Einfach und komplizierte Sprache

Nein, ich war nie ein großer Fan von Thomas Mann. In meinem Germanistik-Studium las ich notgedrungen das eine oder andere Buch von ihm und quälte mich von Bandwurm-Satz zu Bandwurm-Satz.

Ich will nicht seine Qualität als Literat in Frage stellen – mir war sein Bruder Heinrich mit seinen kurzen, klaren Sätze und seiner Zugewandtheit zum Leben und den Menschen schlicht näher. Später im PR-Volontariat und in den Texter-Seminaren der Bayerischen Presseakademie lautete die Devise: kurz, klar, knackig. Vorbild: die Headlines in der B***-„Zeitung“.

 

Wo ging der Satz nochmal los?

 

Klar: Verschachtelte Sätze haben in Werbetexten und PR-Artikeln nichts zu suchen. Andernorts sehne ich mich aber heute manchmal nach kunstvollen Satz-Konstrukten, die Einblick in einen verschwurbelten Geist geben. Die Nuancen, Zweifel, Widersprüche, Himmel und Hölle und alles, was sich dazwischen verfängt, abbilden. Nicht jeder Satz muss klar sein, einen Sinn haben. Wie auch nicht jeder Gedanke klar ist und das Leben kausal.

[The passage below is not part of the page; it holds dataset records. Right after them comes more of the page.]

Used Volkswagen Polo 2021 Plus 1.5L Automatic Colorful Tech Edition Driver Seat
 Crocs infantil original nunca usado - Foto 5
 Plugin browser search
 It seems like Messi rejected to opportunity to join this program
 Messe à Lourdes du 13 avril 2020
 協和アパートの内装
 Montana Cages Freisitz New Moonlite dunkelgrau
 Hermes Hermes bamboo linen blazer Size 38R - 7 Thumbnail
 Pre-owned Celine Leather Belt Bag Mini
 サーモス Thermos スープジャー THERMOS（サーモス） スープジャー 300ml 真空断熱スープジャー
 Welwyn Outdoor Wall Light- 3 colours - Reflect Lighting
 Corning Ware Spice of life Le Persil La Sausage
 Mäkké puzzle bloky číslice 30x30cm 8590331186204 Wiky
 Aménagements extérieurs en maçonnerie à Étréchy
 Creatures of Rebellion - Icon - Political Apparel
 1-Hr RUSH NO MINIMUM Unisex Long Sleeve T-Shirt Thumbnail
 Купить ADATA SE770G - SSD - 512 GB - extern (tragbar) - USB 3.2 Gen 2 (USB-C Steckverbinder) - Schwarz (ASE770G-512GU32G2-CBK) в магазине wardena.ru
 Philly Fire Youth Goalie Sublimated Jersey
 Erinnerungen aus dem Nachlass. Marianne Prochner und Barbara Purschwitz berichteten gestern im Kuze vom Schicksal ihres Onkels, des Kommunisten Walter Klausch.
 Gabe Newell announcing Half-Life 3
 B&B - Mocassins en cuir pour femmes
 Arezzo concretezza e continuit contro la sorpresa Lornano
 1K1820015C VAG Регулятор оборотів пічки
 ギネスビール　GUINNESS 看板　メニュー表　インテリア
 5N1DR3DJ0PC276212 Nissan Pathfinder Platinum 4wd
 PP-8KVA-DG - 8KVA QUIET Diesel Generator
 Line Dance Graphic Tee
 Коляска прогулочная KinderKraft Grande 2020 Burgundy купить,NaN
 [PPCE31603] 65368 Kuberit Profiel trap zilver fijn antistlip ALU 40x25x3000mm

In der Unklarheit kann eine große Schönheit liegen.

 

Schleier drüber!

 

Nach wie vor wütend macht mich aber eine Sprache, deren Kompliziertheit von Inhaltslosigkeit ablenkt und/oder verschleiern soll. Sie wird besonders häufig in der Politik verwendet und in Ämtern. Sie hält die Menschen auf Abstand, gibt ihnen das Gefühl, doof zu sein. Dabei ist im Grunde das Gegenteil der Fall. George Bernhard Shaw sagte „Hohe Bildung kann man dadurch beweisen, dass man die kompliziertesten Dinge auf einfache Art zu erläutern versteht“ und ich finde, er hat vollkommen recht. Wenn man also zum Beispiel nach einer Politiker-Rede nur Bahnhof versteht, soll man entweder getäuscht werden, der Typ hat selber keine Ahnung und versucht es hinter Worthülen zu verbergen – oder er ist schlicht ungebildet.